Le budget de la défense et l’opinion

Secret Défense vient de trouver un sondage tout à fait intéressant sur « Les Français et la dette publique ».  Résultat: 45% des français estiment donc que s’il doit y avoir une réduction des dépenses publiques, le budget du ministère de la Défense doit baisser. Là où ça devient  plus intéressant c’est que 51% des hommes sont en faveur d’une réduction du budget de la défense en cas de restriction budgétaire contre 41% de femmes. En ce qui concerne l’age des personnes interrogés, il ne semble pas y avoir de clivage particulier ( des variations que quelques points mais rien de significatif).  Plus embêtant est la proportion des cadres supérieurs et professions libérales en faveur d’une réduction du budget de la défense (57%), elle est significativement plus élevée que la moyenne. On retrouve aussi le clivage droite/gauche avec 63% des sympathisants de gauche en faveur d’une réduction contre contre 34% à droite, pour les non-alignés c’est 42%.

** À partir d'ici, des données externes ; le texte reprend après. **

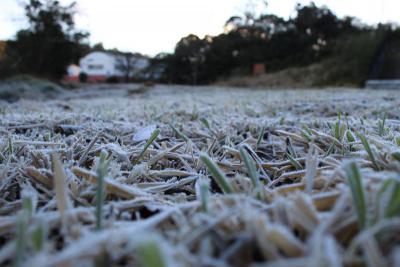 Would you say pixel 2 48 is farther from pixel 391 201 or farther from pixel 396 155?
pixel 391 201

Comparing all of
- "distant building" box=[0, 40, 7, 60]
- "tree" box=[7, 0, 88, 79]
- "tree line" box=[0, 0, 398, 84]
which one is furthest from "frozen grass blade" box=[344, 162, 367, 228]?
"tree" box=[7, 0, 88, 79]

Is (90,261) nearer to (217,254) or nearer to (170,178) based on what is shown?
(217,254)

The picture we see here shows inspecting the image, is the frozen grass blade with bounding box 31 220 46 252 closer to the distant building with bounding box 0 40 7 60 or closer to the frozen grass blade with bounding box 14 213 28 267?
the frozen grass blade with bounding box 14 213 28 267

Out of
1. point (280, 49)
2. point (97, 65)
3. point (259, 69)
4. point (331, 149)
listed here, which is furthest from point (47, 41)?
point (97, 65)

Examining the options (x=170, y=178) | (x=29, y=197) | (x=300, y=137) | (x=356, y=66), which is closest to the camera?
(x=29, y=197)

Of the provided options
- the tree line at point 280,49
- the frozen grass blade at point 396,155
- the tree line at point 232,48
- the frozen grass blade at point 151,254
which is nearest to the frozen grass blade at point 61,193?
the frozen grass blade at point 151,254

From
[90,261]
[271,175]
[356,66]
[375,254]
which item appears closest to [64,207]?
[90,261] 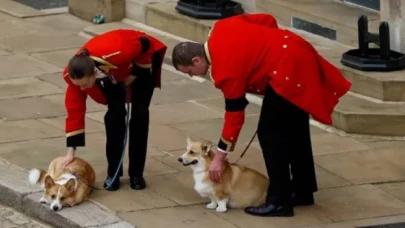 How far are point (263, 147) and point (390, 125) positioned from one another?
236 cm

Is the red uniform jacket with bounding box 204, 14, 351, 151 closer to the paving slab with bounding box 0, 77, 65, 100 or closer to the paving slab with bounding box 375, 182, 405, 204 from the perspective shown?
the paving slab with bounding box 375, 182, 405, 204

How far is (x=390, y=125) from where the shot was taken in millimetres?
10172

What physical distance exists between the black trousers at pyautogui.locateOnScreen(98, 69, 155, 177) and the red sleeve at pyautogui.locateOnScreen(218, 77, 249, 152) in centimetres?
91

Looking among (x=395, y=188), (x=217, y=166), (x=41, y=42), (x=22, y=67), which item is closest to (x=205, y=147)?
(x=217, y=166)

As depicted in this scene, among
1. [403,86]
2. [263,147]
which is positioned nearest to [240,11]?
[403,86]

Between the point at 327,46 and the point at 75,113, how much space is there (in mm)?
Answer: 4113

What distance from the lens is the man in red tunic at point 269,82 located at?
7816 millimetres

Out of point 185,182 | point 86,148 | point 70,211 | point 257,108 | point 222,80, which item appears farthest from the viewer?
point 257,108

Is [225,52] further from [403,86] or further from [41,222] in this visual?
[403,86]

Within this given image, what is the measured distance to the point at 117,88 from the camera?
8500 mm

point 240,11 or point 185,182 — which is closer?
point 185,182

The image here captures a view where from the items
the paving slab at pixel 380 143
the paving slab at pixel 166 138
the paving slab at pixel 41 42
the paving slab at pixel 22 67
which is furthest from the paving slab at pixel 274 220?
the paving slab at pixel 41 42

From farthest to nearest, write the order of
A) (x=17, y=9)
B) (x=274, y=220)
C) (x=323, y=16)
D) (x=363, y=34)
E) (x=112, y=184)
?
1. (x=17, y=9)
2. (x=323, y=16)
3. (x=363, y=34)
4. (x=112, y=184)
5. (x=274, y=220)

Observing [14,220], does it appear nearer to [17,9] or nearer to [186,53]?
[186,53] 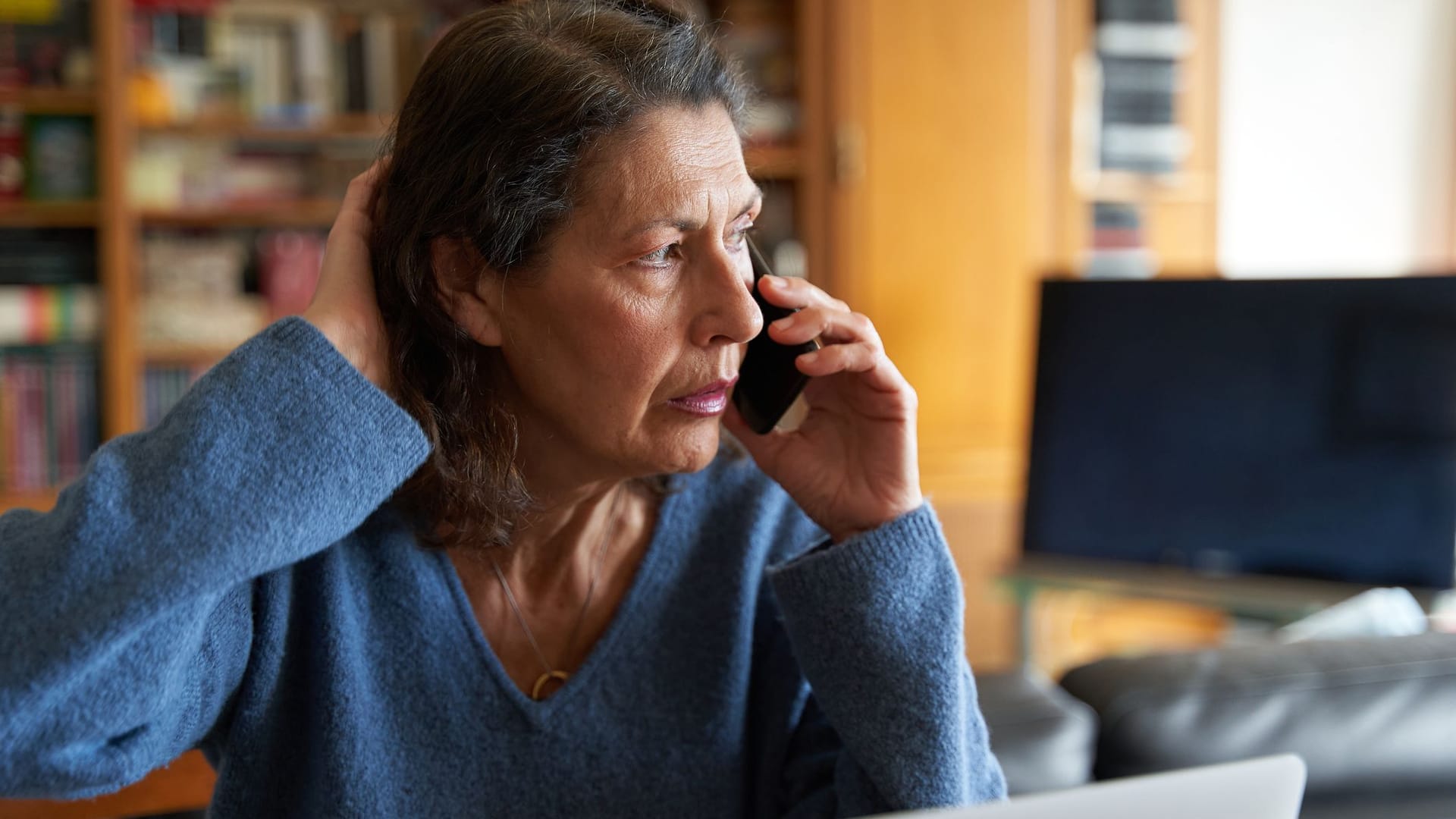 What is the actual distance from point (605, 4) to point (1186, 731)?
782 mm

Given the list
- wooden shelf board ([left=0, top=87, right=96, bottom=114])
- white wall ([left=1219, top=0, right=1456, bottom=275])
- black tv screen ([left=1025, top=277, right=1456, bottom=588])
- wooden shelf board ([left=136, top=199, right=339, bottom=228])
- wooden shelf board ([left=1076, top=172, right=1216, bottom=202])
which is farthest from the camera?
white wall ([left=1219, top=0, right=1456, bottom=275])

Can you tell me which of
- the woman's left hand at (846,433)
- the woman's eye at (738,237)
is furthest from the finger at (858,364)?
the woman's eye at (738,237)

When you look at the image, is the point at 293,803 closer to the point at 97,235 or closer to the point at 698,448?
the point at 698,448

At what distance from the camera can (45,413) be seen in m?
3.21

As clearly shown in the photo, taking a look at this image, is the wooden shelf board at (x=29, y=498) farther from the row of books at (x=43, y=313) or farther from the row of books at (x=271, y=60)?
the row of books at (x=271, y=60)

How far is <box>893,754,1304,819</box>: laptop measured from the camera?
0.60 meters

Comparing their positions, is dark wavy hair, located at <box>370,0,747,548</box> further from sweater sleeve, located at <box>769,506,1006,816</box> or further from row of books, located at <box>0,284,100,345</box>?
row of books, located at <box>0,284,100,345</box>

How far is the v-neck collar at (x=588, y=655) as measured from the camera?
3.67 feet

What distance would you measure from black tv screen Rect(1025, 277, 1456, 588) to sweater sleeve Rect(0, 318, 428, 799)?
1528 millimetres

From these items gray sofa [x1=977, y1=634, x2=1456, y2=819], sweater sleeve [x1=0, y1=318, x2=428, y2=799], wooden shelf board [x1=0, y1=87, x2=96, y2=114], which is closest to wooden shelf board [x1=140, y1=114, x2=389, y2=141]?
wooden shelf board [x1=0, y1=87, x2=96, y2=114]

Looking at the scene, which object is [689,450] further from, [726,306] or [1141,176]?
[1141,176]

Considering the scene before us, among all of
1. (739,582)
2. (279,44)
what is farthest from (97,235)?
(739,582)

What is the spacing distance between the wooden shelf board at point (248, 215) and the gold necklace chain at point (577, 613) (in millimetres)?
2307

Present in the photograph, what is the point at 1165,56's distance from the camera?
3.83m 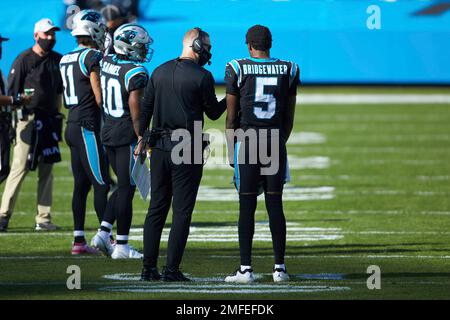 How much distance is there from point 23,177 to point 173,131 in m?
→ 4.29

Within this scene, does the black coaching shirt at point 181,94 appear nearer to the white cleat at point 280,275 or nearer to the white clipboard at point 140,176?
the white clipboard at point 140,176

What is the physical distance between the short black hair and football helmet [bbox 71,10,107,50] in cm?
221

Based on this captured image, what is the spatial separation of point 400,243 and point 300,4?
22.5 m

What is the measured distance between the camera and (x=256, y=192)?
9086mm

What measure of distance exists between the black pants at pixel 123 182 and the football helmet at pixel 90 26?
1109 mm

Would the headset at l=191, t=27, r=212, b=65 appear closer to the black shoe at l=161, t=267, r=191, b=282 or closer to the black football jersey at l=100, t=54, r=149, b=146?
the black football jersey at l=100, t=54, r=149, b=146

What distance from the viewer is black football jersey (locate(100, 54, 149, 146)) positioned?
9.90 m

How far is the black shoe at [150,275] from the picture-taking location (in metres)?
8.93

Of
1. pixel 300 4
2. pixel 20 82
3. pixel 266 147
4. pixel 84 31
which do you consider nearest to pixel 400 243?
pixel 266 147

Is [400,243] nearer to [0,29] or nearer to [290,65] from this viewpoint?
[290,65]

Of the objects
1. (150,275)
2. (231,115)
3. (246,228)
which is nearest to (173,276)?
(150,275)

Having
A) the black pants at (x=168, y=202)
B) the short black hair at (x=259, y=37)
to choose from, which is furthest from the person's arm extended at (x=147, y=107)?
the short black hair at (x=259, y=37)

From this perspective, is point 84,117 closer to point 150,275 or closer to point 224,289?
point 150,275

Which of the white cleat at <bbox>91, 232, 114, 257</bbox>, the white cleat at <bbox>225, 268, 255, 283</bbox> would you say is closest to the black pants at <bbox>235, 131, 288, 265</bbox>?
the white cleat at <bbox>225, 268, 255, 283</bbox> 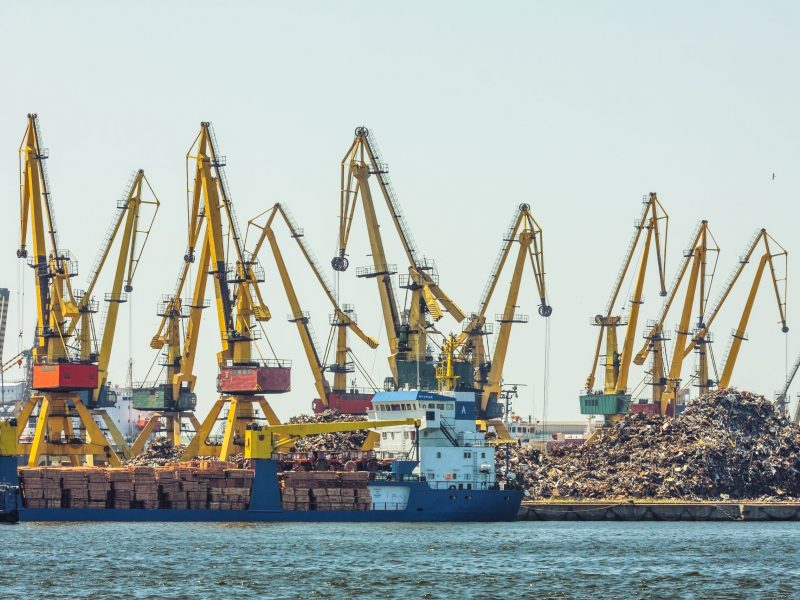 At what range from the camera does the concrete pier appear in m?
114

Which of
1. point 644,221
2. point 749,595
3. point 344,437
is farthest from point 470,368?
point 749,595

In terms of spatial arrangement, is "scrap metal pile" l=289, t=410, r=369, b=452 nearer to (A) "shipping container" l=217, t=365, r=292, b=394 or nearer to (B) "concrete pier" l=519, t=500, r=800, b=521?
(A) "shipping container" l=217, t=365, r=292, b=394

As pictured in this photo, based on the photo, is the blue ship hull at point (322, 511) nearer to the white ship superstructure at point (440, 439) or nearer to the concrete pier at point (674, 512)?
the white ship superstructure at point (440, 439)

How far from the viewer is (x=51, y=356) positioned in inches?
4365

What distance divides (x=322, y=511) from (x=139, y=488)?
10399 mm

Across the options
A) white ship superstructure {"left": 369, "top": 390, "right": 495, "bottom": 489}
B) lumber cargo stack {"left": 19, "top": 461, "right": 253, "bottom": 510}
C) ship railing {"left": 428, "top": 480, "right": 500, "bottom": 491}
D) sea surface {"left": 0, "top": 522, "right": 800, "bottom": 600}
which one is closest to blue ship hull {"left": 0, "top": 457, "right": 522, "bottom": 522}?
ship railing {"left": 428, "top": 480, "right": 500, "bottom": 491}

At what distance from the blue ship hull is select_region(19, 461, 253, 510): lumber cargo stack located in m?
0.44

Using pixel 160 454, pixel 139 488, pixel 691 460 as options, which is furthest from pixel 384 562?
pixel 160 454

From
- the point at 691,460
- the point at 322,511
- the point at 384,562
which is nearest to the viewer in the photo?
the point at 384,562

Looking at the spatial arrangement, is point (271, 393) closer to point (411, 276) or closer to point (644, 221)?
point (411, 276)

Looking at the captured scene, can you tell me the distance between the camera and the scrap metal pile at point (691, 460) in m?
120

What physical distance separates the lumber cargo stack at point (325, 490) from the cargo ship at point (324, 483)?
6cm

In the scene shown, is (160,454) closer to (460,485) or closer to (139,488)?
(139,488)

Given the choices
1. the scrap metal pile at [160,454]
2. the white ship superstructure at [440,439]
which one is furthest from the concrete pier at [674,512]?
the scrap metal pile at [160,454]
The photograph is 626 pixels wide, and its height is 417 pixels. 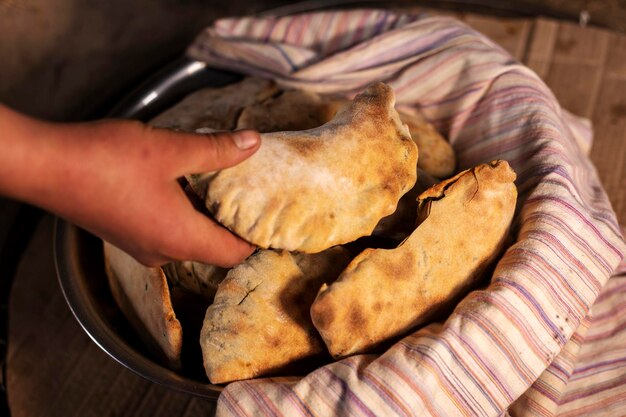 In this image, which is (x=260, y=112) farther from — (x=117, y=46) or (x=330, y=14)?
(x=117, y=46)

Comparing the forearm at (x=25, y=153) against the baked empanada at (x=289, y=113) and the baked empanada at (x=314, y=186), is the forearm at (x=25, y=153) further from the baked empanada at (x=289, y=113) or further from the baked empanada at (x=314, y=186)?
the baked empanada at (x=289, y=113)

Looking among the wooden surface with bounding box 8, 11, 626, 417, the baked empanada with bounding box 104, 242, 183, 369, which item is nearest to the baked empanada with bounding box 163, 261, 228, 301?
the baked empanada with bounding box 104, 242, 183, 369

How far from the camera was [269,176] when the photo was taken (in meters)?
0.66

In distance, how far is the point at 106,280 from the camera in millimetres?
898

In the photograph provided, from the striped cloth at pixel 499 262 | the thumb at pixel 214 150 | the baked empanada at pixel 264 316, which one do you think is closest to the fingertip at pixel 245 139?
the thumb at pixel 214 150

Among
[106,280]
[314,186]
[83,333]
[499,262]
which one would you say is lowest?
[83,333]

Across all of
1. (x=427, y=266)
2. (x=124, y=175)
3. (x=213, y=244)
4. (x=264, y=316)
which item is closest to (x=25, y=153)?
(x=124, y=175)

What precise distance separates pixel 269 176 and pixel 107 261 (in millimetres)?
329

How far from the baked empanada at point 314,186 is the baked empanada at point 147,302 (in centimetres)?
14

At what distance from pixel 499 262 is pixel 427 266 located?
0.09 m

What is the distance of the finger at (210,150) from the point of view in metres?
0.60

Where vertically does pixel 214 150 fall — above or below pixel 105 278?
above

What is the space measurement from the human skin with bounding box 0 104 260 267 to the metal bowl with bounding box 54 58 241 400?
147 mm

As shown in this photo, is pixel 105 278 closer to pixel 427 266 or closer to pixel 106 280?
pixel 106 280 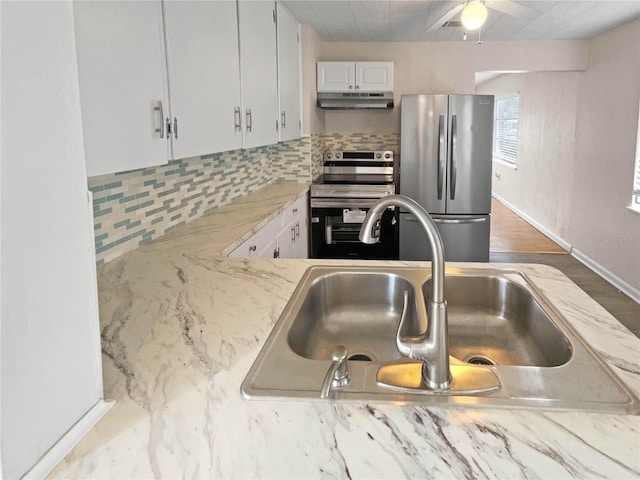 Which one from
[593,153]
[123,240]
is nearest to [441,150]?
[593,153]

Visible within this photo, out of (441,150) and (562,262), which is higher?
(441,150)

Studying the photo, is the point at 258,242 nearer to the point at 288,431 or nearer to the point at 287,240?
the point at 287,240

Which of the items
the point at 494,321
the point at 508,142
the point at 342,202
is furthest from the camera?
the point at 508,142

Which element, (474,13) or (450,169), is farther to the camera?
(450,169)

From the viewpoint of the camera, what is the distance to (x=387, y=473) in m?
0.73

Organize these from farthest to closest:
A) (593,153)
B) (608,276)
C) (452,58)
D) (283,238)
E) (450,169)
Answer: (452,58), (593,153), (608,276), (450,169), (283,238)

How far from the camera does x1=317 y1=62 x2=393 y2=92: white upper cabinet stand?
4.79m

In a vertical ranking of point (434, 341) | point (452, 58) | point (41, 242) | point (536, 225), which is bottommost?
point (536, 225)

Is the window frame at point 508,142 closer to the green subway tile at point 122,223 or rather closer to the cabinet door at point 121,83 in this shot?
the green subway tile at point 122,223

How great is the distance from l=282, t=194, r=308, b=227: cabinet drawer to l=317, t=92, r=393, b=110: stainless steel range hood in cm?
103

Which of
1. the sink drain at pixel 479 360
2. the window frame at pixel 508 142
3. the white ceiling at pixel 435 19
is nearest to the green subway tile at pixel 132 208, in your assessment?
the sink drain at pixel 479 360

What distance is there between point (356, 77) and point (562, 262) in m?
2.78

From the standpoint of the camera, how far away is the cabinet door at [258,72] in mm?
2734

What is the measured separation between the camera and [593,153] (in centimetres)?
502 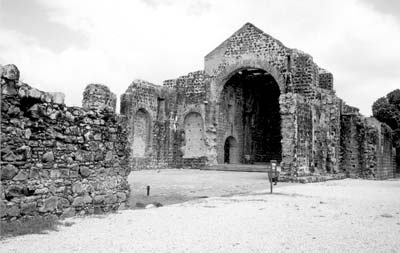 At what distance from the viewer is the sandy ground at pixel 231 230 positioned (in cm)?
448

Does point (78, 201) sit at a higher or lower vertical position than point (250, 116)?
lower

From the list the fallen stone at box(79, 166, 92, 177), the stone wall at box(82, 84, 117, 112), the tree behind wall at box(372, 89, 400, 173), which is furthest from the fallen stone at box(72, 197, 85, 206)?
the tree behind wall at box(372, 89, 400, 173)

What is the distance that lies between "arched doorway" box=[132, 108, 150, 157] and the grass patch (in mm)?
15433

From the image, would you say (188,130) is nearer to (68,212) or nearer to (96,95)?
(96,95)

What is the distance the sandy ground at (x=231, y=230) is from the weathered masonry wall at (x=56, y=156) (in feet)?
1.45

Ces chiffres sont assez inquiétants et en même temps peu surprenants. Inquiétant parce qu’il montre que les soutiens dans l’opinion pour les armées sont finalement faibles. « Ne pas baisser la garde » est un discours qui ne marche que dans les milieux les plus politisés sur la droite de l’échiquier politique, une base singulièrement limitée. En dehors du clivage politique aucun autre groupe ne se distingue dans les réponses à l’exception des cadres supérieures, ce qui vue le poids particulier de ce groupe (les personnes ayant un rôle décisionnel significatif sont des cadres supérieures)  n’est franchement pas rassurant.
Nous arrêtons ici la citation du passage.